// the find
MarquezProject/marquez
Collect, aggregate, and visualize a data ecosystem's metadata
Marquez is a metadata service for tracking data lineage — what datasets your jobs consume and produce, and how that graph changes over time. It implements the OpenLineage standard, so if your Spark/Airflow/dbt jobs already emit OpenLineage events, Marquez can ingest them with minimal integration work. Target audience is data engineering teams running multi-tool pipelines who are tired of asking 'where did this table come from.'
OpenLineage support is the real draw — it's an actual open standard with integrations across Spark, Airflow, dbt, Flink, and more, so you're not writing custom instrumentation for each tool. The lineage graph visualization in the web UI is genuinely useful for impact analysis when a source dataset changes. GraphQL endpoint (even if beta) means you can query lineage relationships programmatically without parsing REST pagination. LF AI & Data graduation and real adopters (Astronomer, Northwestern Mutual) indicate this isn't abandonware.

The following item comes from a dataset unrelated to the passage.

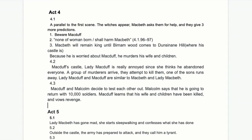In 4.3, Macduff and Malcolm meet and test each other's intentions. Malcolm announces he will return with ten thousand soldiers. Macduff learns his wife and children have been killed and vows revenge. Although people suspect Malcolm of having killed his father, Macduff decides to trust him after meeting him in person, and together they hatch a plan to return and fight Macbeth.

No auth out of the box — the README explicitly says the HTTP API requires no authentication or authorization, which means you're one misconfigured firewall rule away from exposing your entire data lineage graph to the internet. The GraphQL API has been 'beta' long enough that it should raise eyebrows about whether it'll ever stabilize. Column-level lineage is supported but the feature surface is clearly secondary to job/dataset lineage — the ColumnLineageDao exists but the documentation barely covers it. Flyway migration history shows 70+ migrations over the project's life, which means schema upgrades on a long-running instance are a gamble you'll want to test carefully before touching production.